When I arrived for Radiohead, their relaxed gig, drawn almost entirely from the last two albums, disappointed everyone I spoke to just as much as U2's. But I enjoyed its unpressured, contemplative nature, a million miles from career cares.
Dixit and Thom Yorke's men were simultaneously benefiting from Glastonbury's freeing ambience and benign, curious crowds. It is the only rock festival with some of Womad's interest in musical investigation. Most people seemed up for anything good.
Jarvis Cocker wryly summed up the stupidity of attempts by the straighter world outside to interfere in the festival's running.
Commenting on a police request to test Glastonbury's sewage for drug content, refused by Michael Eavis, Cocker wondered who exactly would get the job of rooting through the festival's notorious toilets.
"And secondly," he said to cheers. "This is a field where people gather to have a good time. Just leave us alone. It's nobody's business."

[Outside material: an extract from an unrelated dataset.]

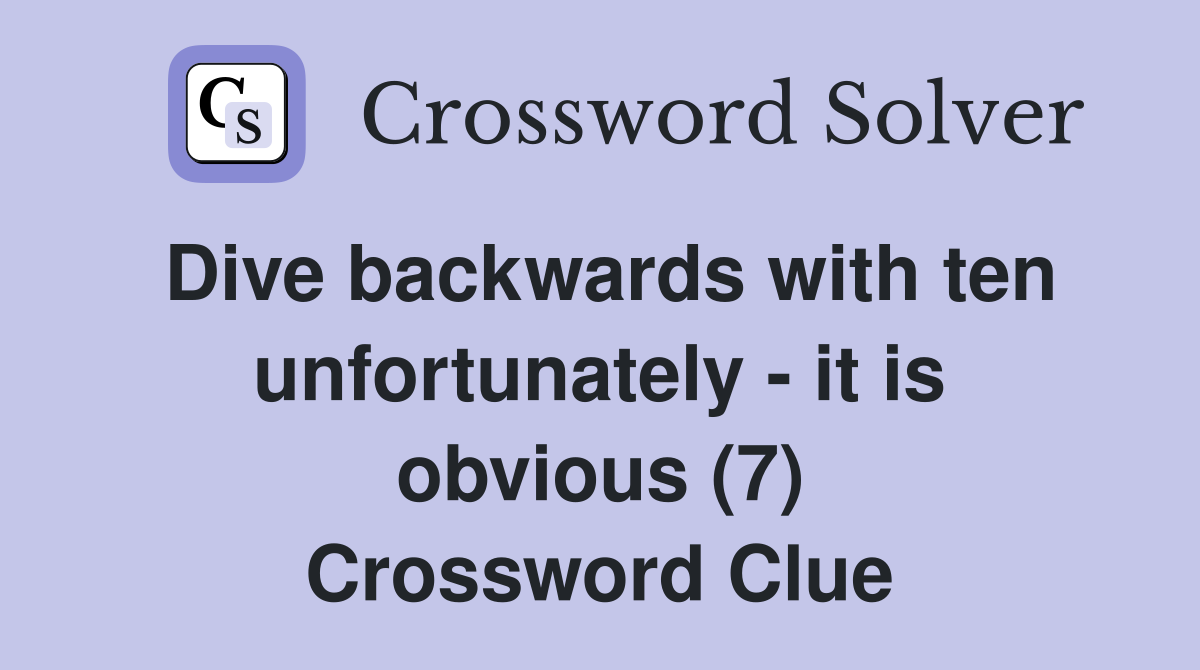Dive backwards with ten unfortunately - it is obvious (7) Crossword Clue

The relatively tiny number of arrests in a suddenly assembled community of more than 100,000 proves that the fabled spirit of Glastonbury is self-regulating. Though a few utterly zonked drunks were stumbling through the Pyramid Stage's vast grass arena by Sunday's Beyonce finale, most were being steered by patient friends.
The lack of aggression in such a mass of often-inebriated Britons was a sort of miracle - and a tribute to Glastonbury's vast, improvised, successful society.
The weather was, predictably, one of the few restricting elements. Rain on Thursday and Friday, whipped in by the wind at times, left the site a swamp.
Sunday's heatwave reduced people's energy in a different way, but the almost magical drying of previously impassable paths opened up the whole site to exploration.
I finally made it to the Fields of Avalon, where The Low Anthem were kicking up a storm of their own, enjoying themselves to an almost fevered extent in front of a small, devoted crowd.
Their look of delight was one I saw on many musicians' faces over the weekend. Playing to this audience seems to be as special as being in it.
A little further along, children leapt around a stage set aside for the public. I didn't quite get to the apparently debauched, illicit zone of Shangri-La, deeper still into Glastonbury's far borders.
There were times in my first couple of days there when I wondered whether the festival had lost its way; whether it was simply too big, too unmanageable and too resistant to the intimacy that can be had at smaller, more focused festivals such as Dorset's End of the Road.
The huge, behind-the-scenes commercial deals (it took four days of diligent investigation to find a cider not brewed by Gaymer's) also mean it isn't quite the pure Utopia it seems superficially. But at its end I looked at the vast, dark fields, emptying with startling speed and carpeted with the debris of a retreating army.
I felt I was crossing the border of a country whose rules I was just starting to learn, which was ceasing to exist, like a stage-set or dream, as I turned my back. Michael Eavis should be knighted; or maybe just thanked.